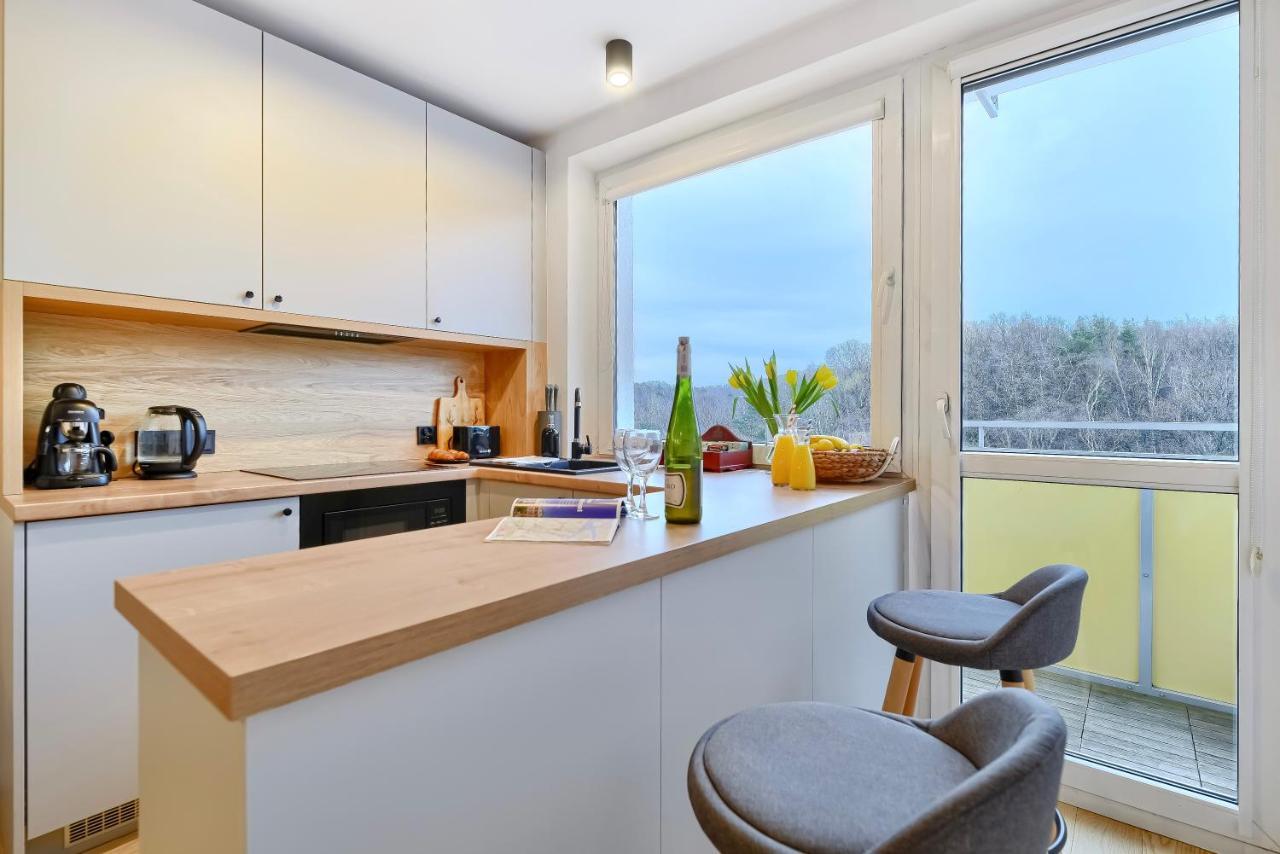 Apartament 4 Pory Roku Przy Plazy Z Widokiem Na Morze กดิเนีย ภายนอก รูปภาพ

...

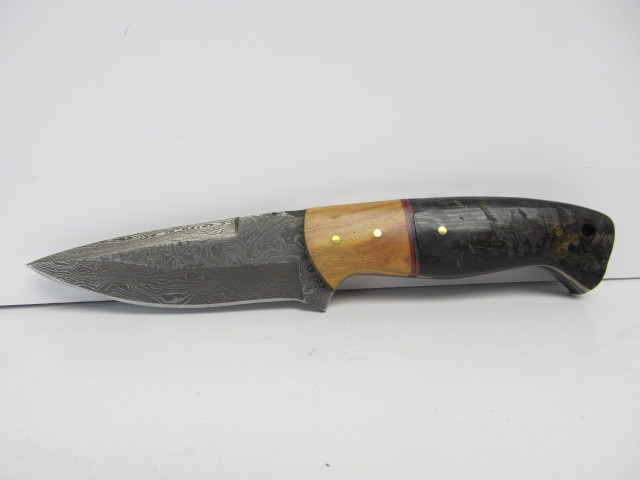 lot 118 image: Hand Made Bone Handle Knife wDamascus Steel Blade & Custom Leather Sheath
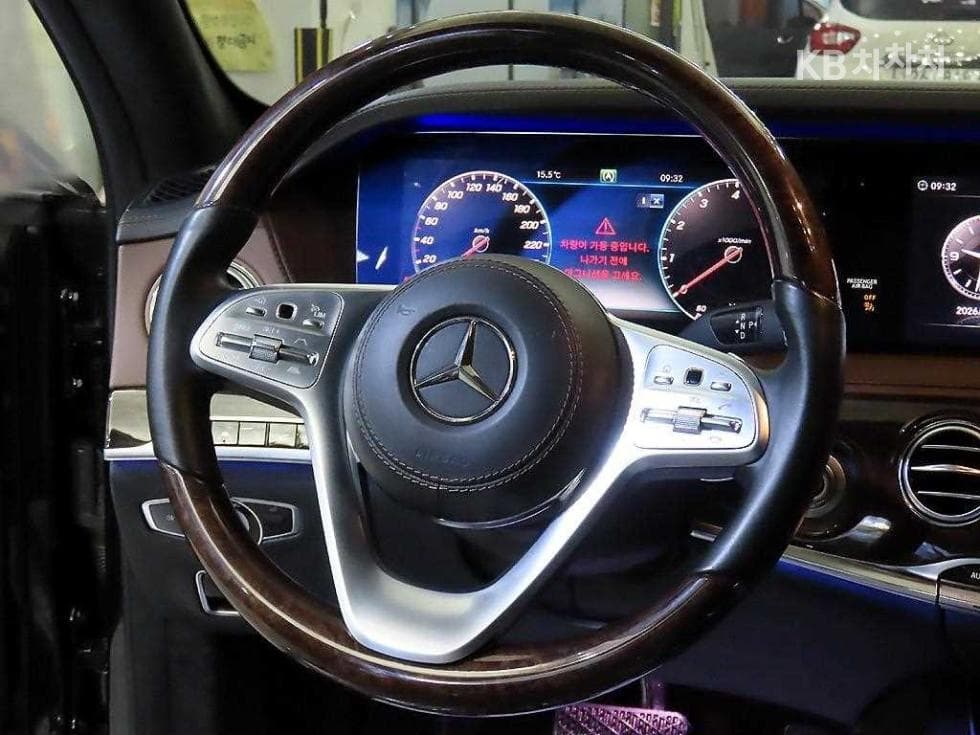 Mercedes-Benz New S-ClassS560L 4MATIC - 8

PROBLEM REQUIREMENTS:
Beginning at the line above that contains "lot 118 image: Hand" and going on through the line that contains "Mercedes-Benz New S-ClassS560L 4MATIC - 8", please copy every line exactly, leaving the pictures out and adding nothing.

YOUR SOLUTION:
 lot 118 image: Hand Made Bone Handle Knife wDamascus Steel Blade & Custom Leather Sheath
 Mercedes-Benz New S-ClassS560L 4MATIC - 8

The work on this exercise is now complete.